CAROLINA JANCIC; ROMINA SOLEDAD ALVAREZ; CRISTINA IBARRA; NADIA YASMÍN TOWSTYKA; MARÍA MARTA AMARAL

Mar del Plata

Congreso; LXI REUNIÓN ANUAL DE LA SOCIEDAD ARGENTINA DE INVESTIGACIÓN CLÍNICA (SAIC) LXIV REUNIÓN ANUAL DE LA SOCIEDAD ARGENTINA DE INMUNOLOGÍA (SAI) XLVIII REUNIÓN ANUAL DE LA SOCIEDAD ARGENTINA DE FARMACOLOGÍA EXPERIMENTAL (SAFE) VII REUNIÓN ANUAL DE LA SOCIEDAD; 2016

SAIC, SAI, SAFE, NANOMEDAR, AACYTAL

Post diarrhea hemolytic uremic syndrome (HUS), a complication of Shiga toxin (Stx)-producing E. coli (STEC) infection, is the most common cause of acute renal failure in children in Argentina.

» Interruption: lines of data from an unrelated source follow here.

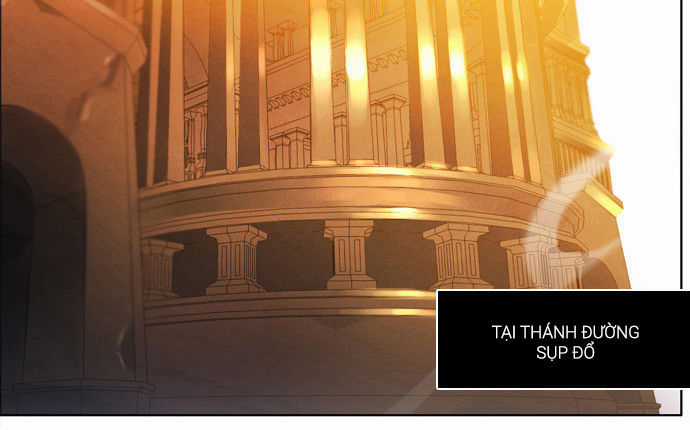 Zero Game Chương 13 trang 81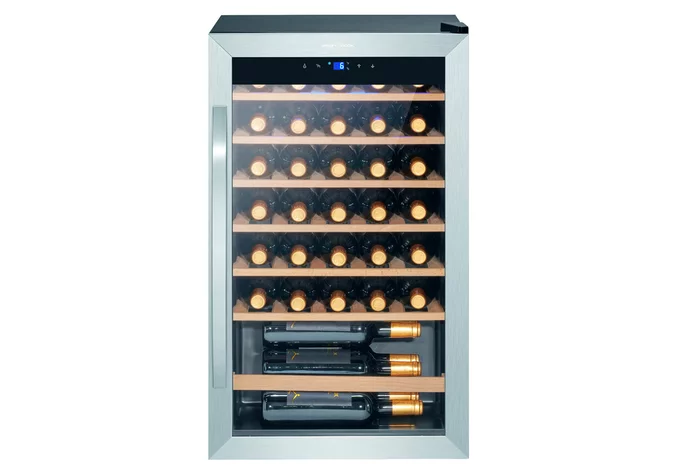 Винный шкаф ProfiCook PC-WK 1235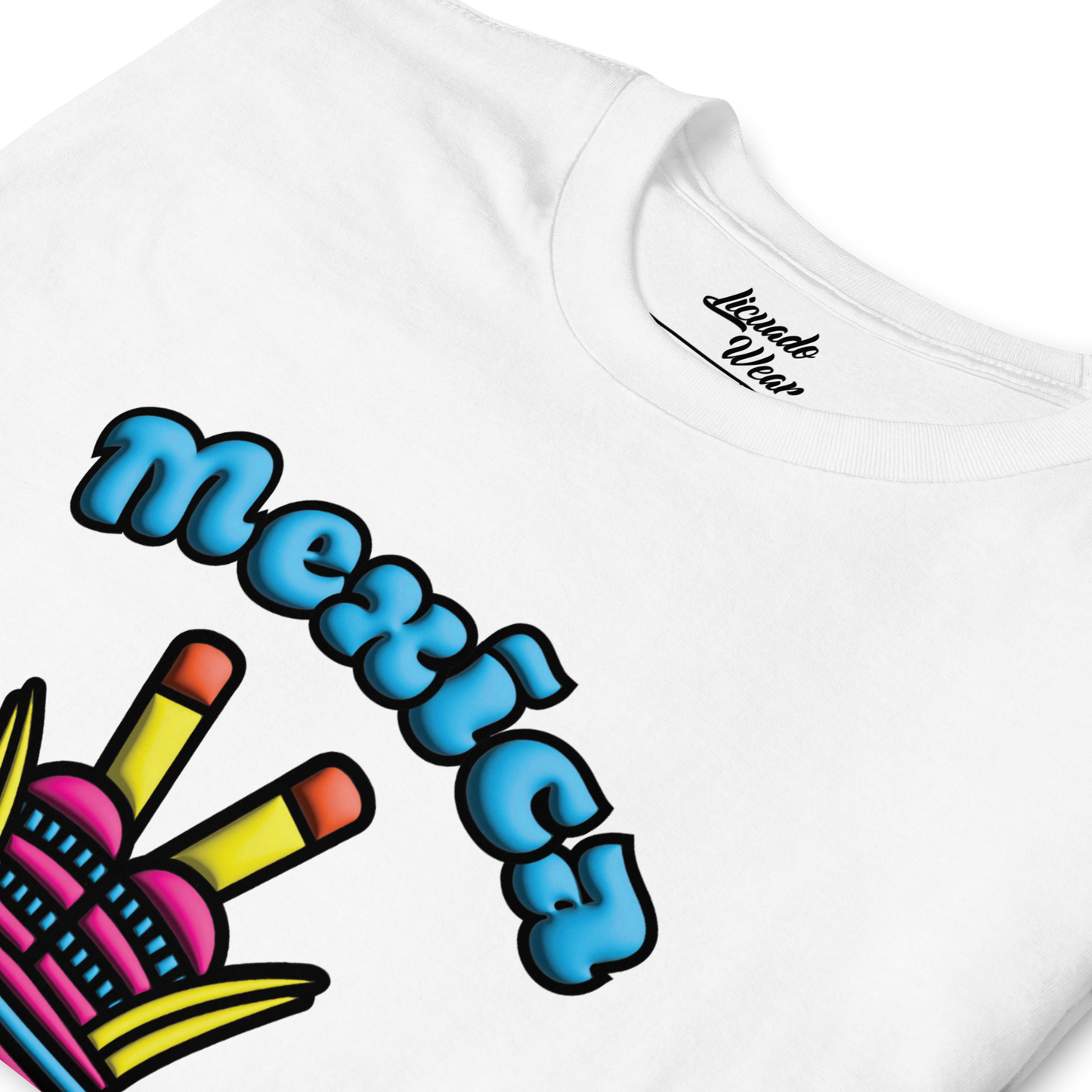 2023 Mexica New Year (Akatl/Reed/11) - Unisex T-Shirt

Renal damage is mainly attributed to Stx, being Stx2 epidemiologically more relevant than Stx1. Subtilase (SubAB) is a cytotoxin produced by STEC isolated from cases of childhood diarrhea. Therefore, it is proposed that SubAB may contribute to HUS pathogenesis. Previously, we demonstrated that Stx2 and SubAB caused cell viability decrease on primary cultures of human glomerular endothelial cells (HGEC) and human tubular epithelial cell line (HK-2) after 24 h of treatment, only at high toxins concentrations (Stx2: 1-10 ng/ml and SubAB: 100-1000 ng/ml). In this work, we have evaluated the response of selected pro-inflammatory mediators, after treatment of HGEC and HK-2 with Stx2 or SubAB. Cells were incubated with Stx2 (0.001 - 10 ng/ml) or SubAB (0.1 - 1000 ng/ml) for 24 h. Cultures supernatant were collected and IL-6, IL-8 and TNF-α were quantified by ELISA. TNF-α biological activity was evaluated by a cytotoxicity assay on L929 cell line. SubAB caused a decrease in IL-6, IL-8 and TNF-α released by both, HGEC and HK-2 and in a dose-dependent manner. On the contrary, Stx2 (0.01 and 0.1 ng/ml) increased these soluble mediators released by HGEC. TNF-α, IL-8 and IL-6 were up regulated 3.3-fold, 0.4-fold and 0.3-fold, respectively, relative to those in untreated control cells. TNF-α biologically active was found by the decrease of L929 cell viability with supernatants of HGEC treated with 0.01 and 0.1 ng/ml Stx2 (p< 0.05, n=6). Stx2 did not cause a significant modulation on the release of IL-6, IL-8 and TNF-α by HK-2. These results suggest that toxins could have different effects on the inflammatory responses triggered in the kidney. Such interplay may have important consequences for the pathogenesis of disease during infection with STEC strains that produce both toxins.